While writing his novel, Afterlife, Monette met television producer Stephen Kolzak, best known as the casting director for the TV show Cheers. Monette and Kolzak were partners for two years, until Kolzak's death from AIDS in September 1990, resulting in what Monette called his “second widowhood.”

Monette's final years, before his own AIDS-related death, are chronicled in the film Paul Monette: The Brink of Summer's End by Monte Bramer and Lesli Klainberg. "By the end of his life, Monette had healed most of his psychic wounds, but his rage persisted." He said, "go without hate, but not without rage; heal the world." He had tried to use his rage to heal the world through his writing and activism. Monette died in Los Angeles, where he lived with his partner of five years, Winston Wilde. Monette was survived by Wilde; his father, Paul Monette Sr.; and his brother, Robert L. Monette. Horwitz and Monette are buried alongside each other at Forest Lawn in Los Angeles, California.

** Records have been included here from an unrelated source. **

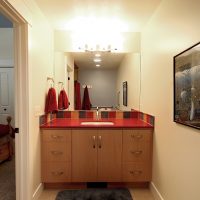 After_Interior_Bathroom Remodels_Red Vanity_Bathroom Remodeling Ideas | Renovation Design Group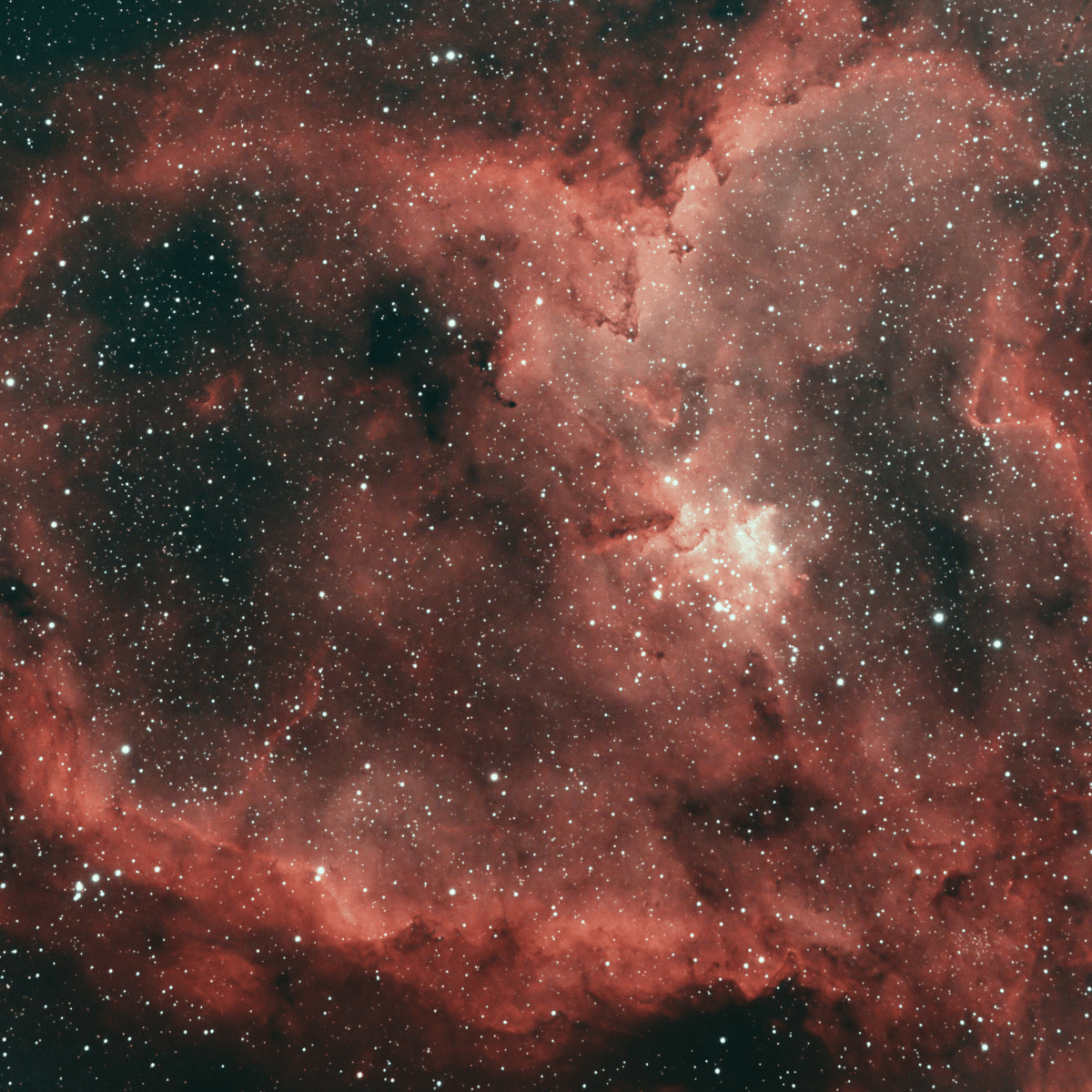 Image of a starry sky with a red-orange tint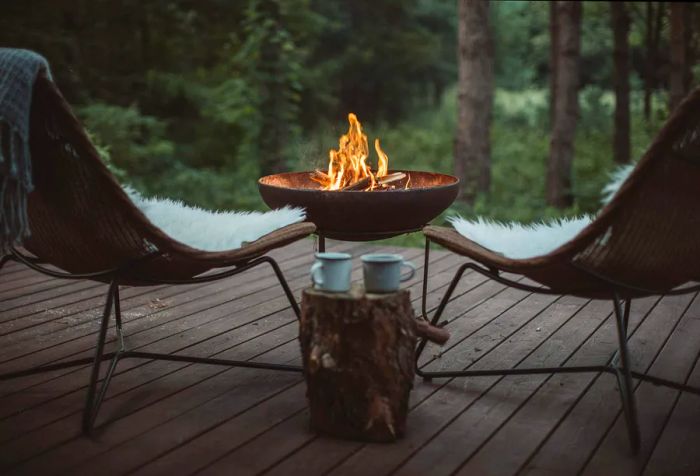 A charming wooden porch with two comfy chairs surrounding a campfire, overlooking a vibrant forest.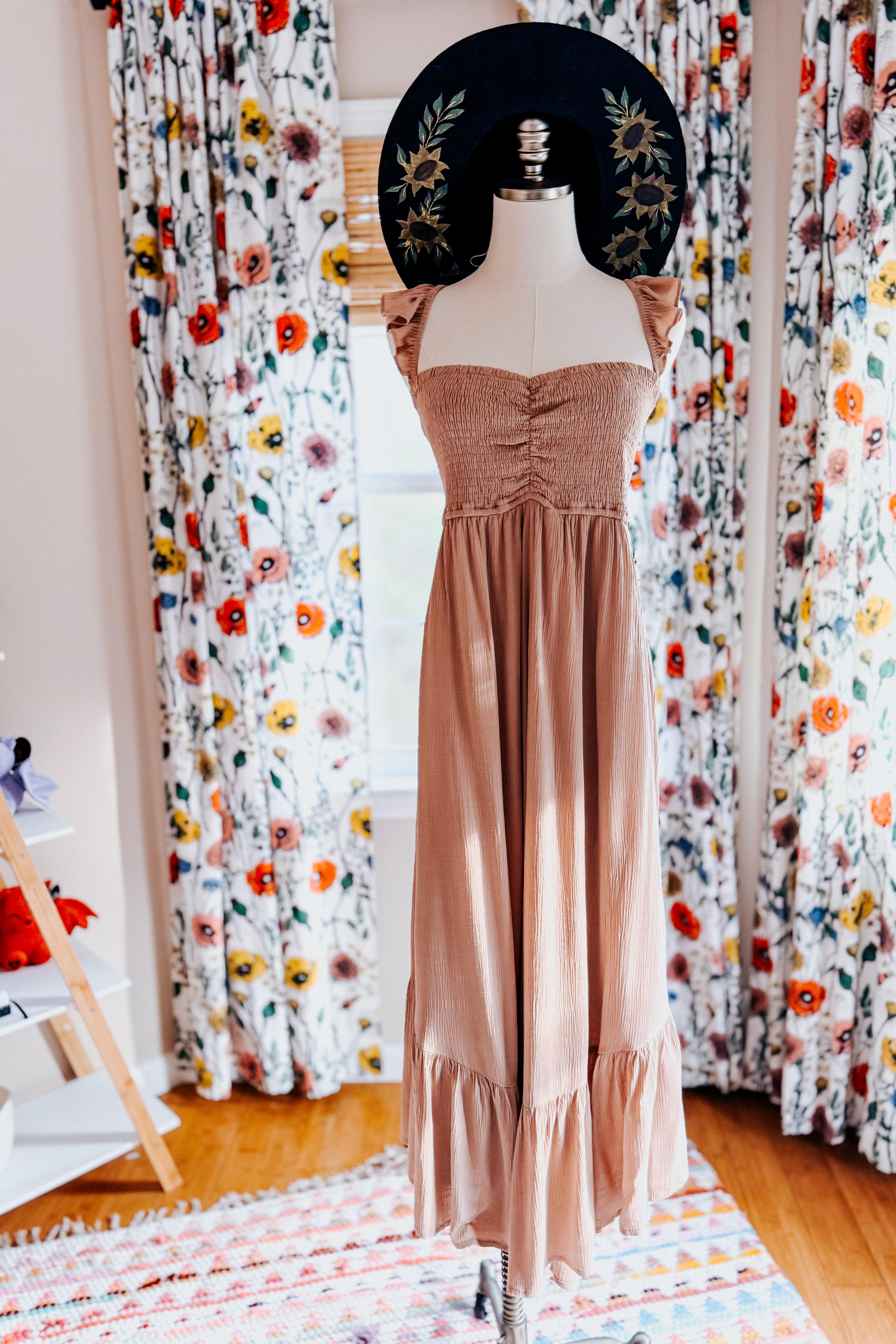 Sleeveless blush pink smocked bodice wide leg jumpsuit with ruffle straps displayed on mannequin indoors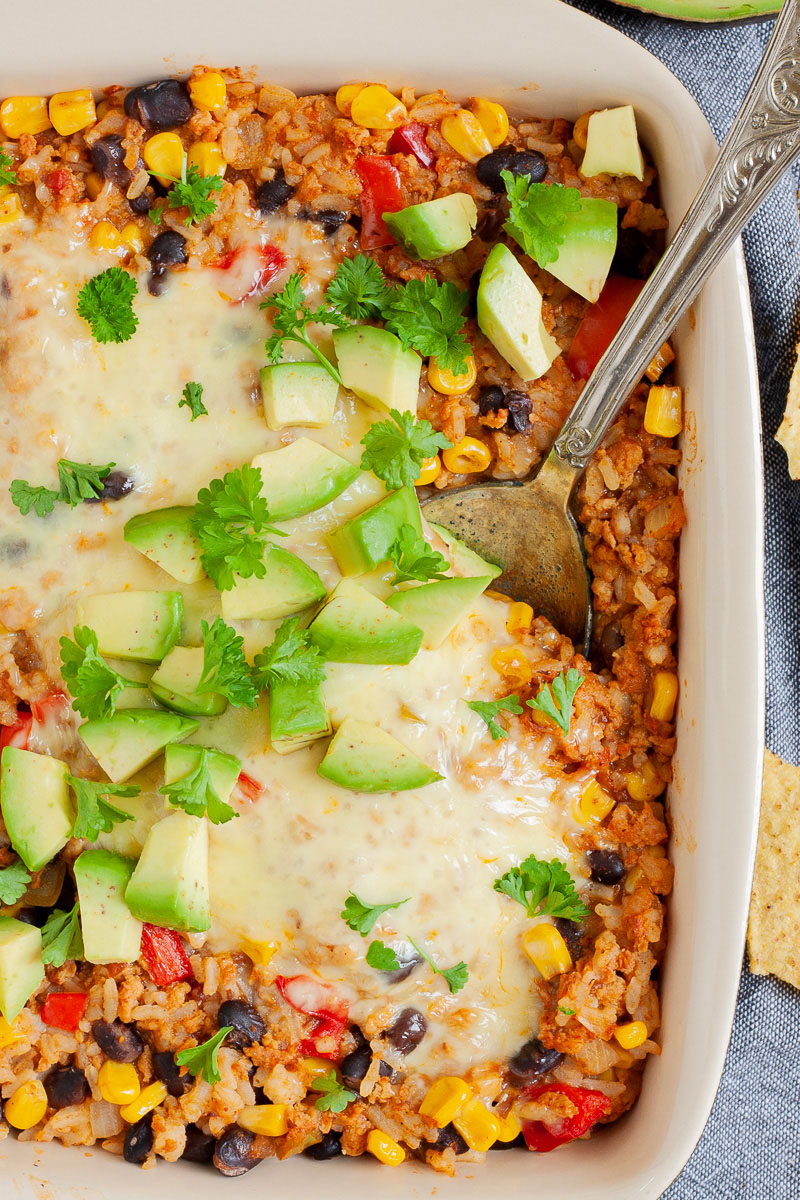 A ligth brown ceramic dish with colorful ingredients like black beans, corn, melted cheese, bell pepper strips, chopped avocado, chopped green herbs. A serving spoon is dunked in the middle.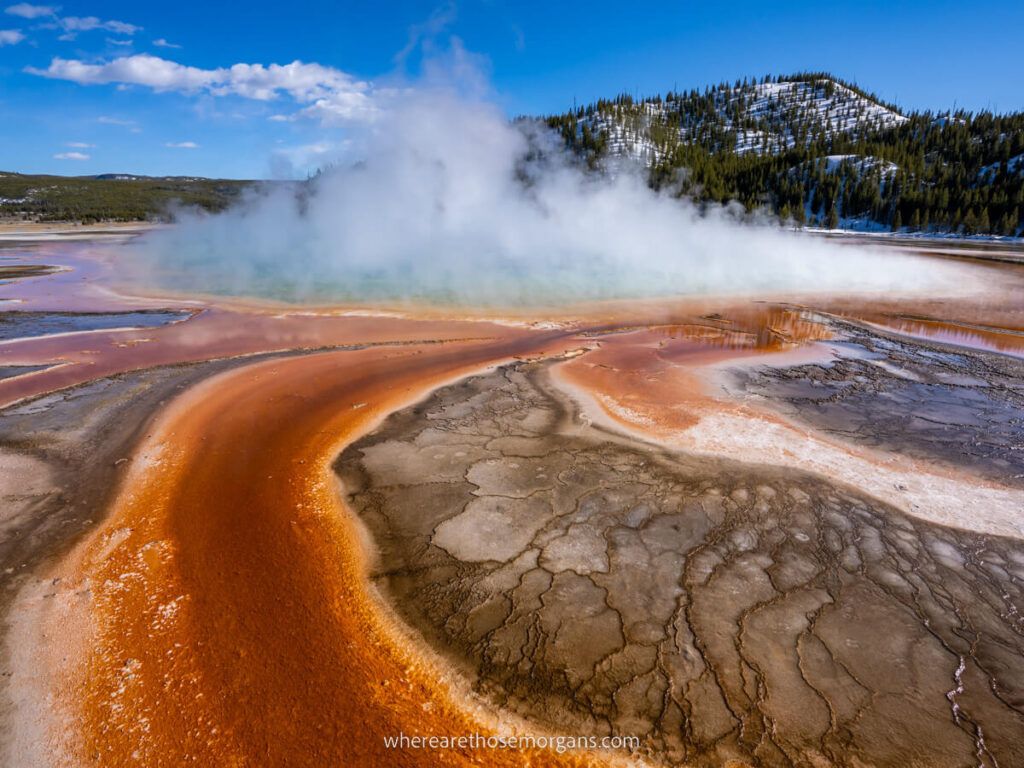 Grand Prismatic Spring vibrant colors swirling and light steam billowing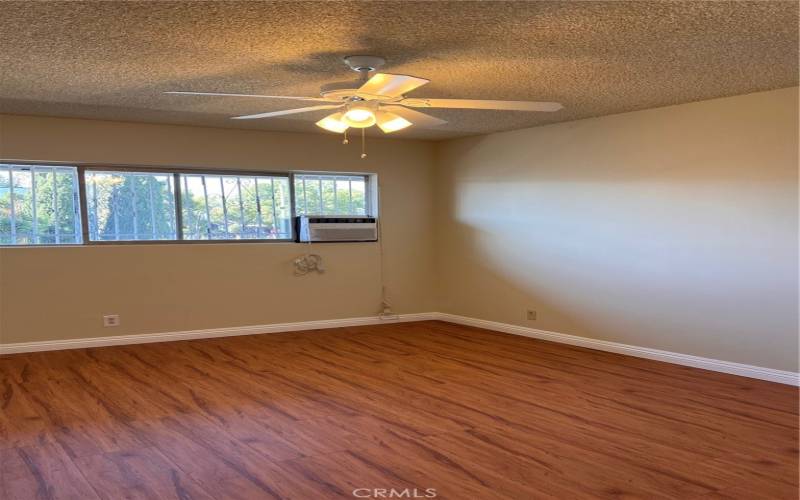 Bedroom with A/C and fan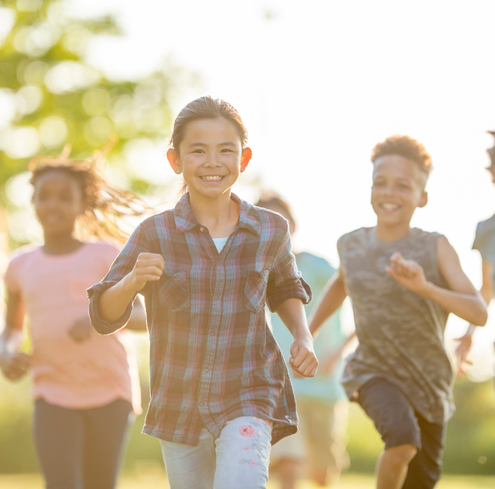 A group of smiling children run outdoors on a sunny day, with one child in a plaid shirt leading the group as if guiding a playful training session. The bright background is blurred with lush green foliage.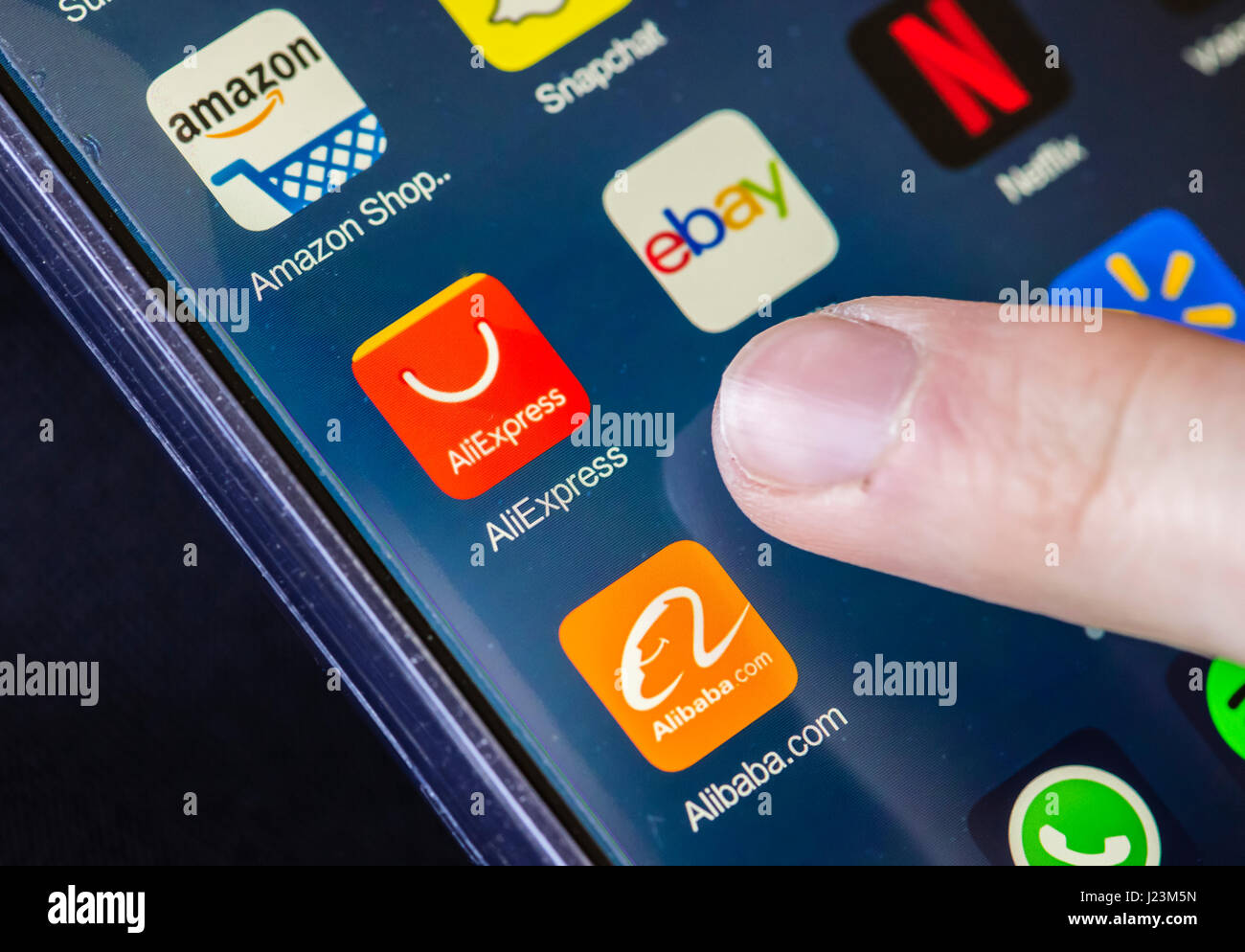Zurich, Switzerland - 19 February 2017: The icons of AliExpress, Alibaba.com, Ebay and Amazon online shopping apps on a smartphone's touchscreen. Stock Photo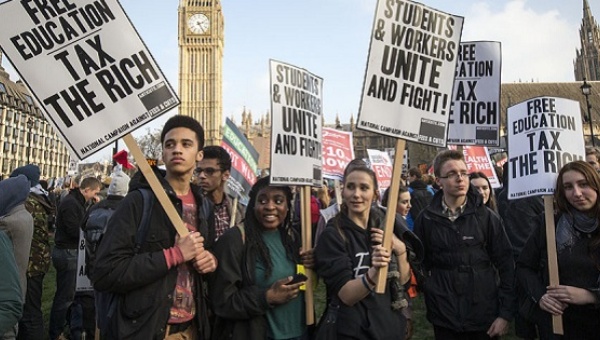 Demonstrators stand in Parliament Square in front of the Houses of Parliament during a protest against student loans and in favour of free education in central London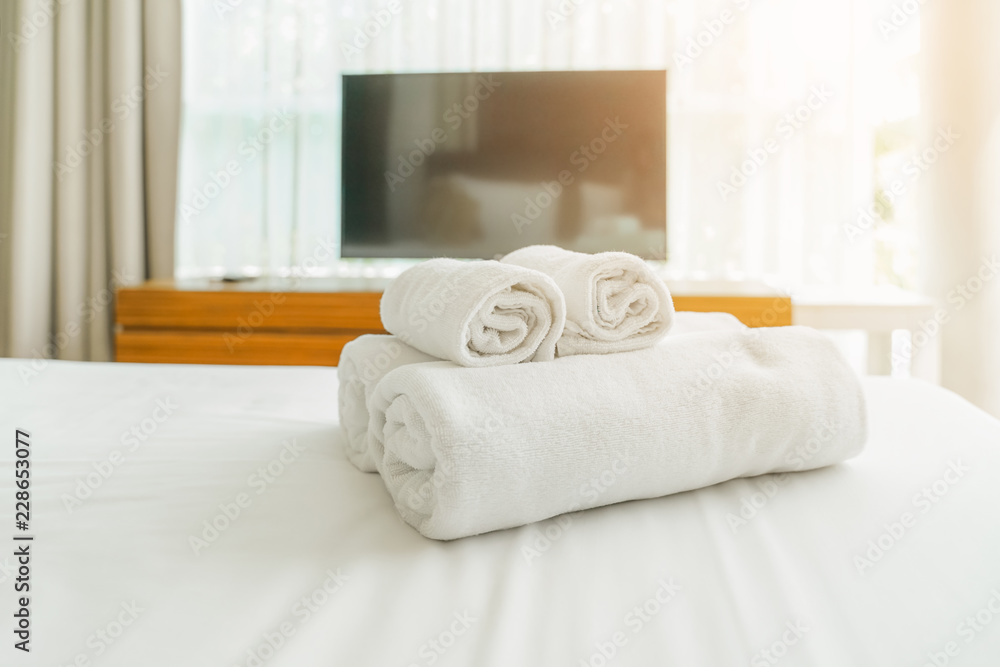 white towels on bed for hotel customer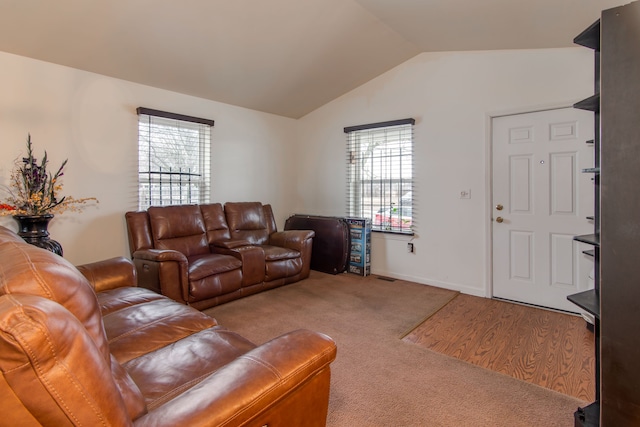 living room with plenty of natural light, carpet flooring, and vaulted ceiling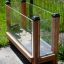 Vegetable garden wooden and glass elevated planter box near a fence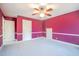 Bedroom with two closets, gray carpet, white trim, and ceiling fan with light fixture at 94 Cedar Hills Cir, Chapel Hill, NC 27514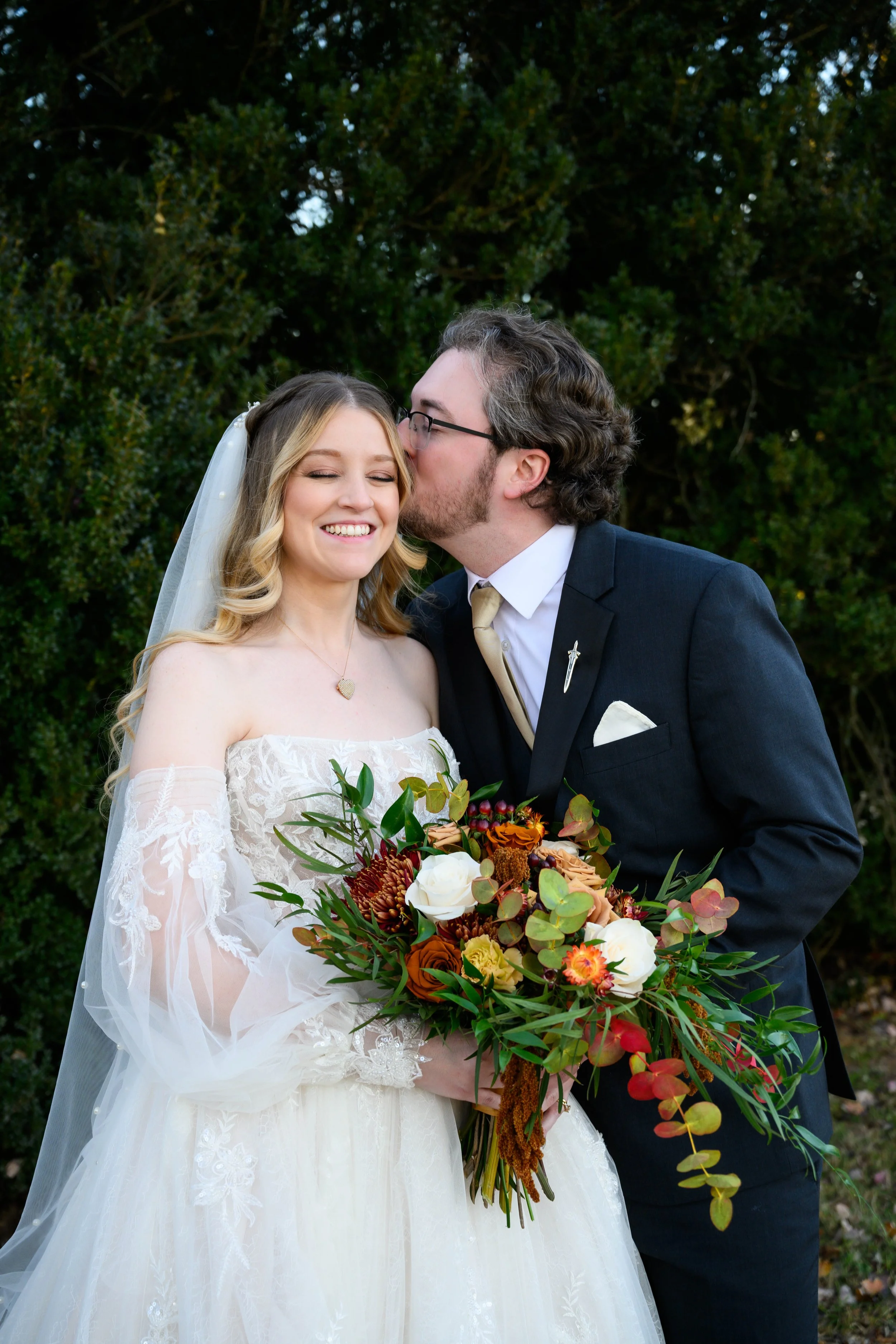Bride smiling with Groom. Her hair is in a cascading braid and wearing a veil.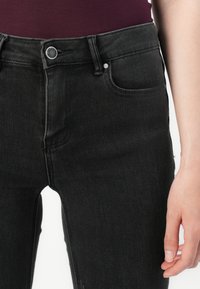 Nærbilde av en person som har på seg svarte denimjeans med detaljer som knapp og lommer foran, og en mørk rød topp som er delvis synlig.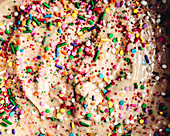 Cake dough with colorful sugar sprinkles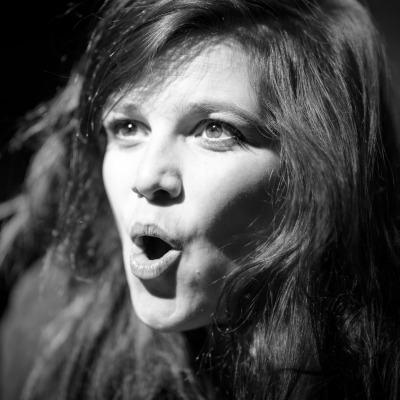 A black and white photo of a white woman singing opera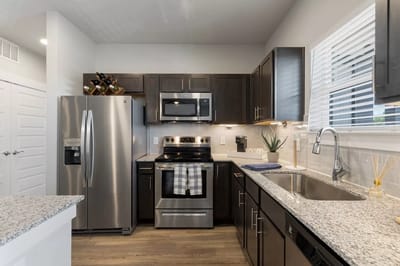 Modern kitchen interior with stainless steel appliances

==The Monette–Horwitz Trust==
Shortly before his death in 1995, Monette established the Monette-Horwitz Trust to commemorate his relationship with Roger Horwitz and to support future LGBT activism and scholarship. Monette's brother, Robert Monette, served as the appointed Trustee until his death in 2015,
and his sister-in-law, Brenda Monette, serves as the current trustee.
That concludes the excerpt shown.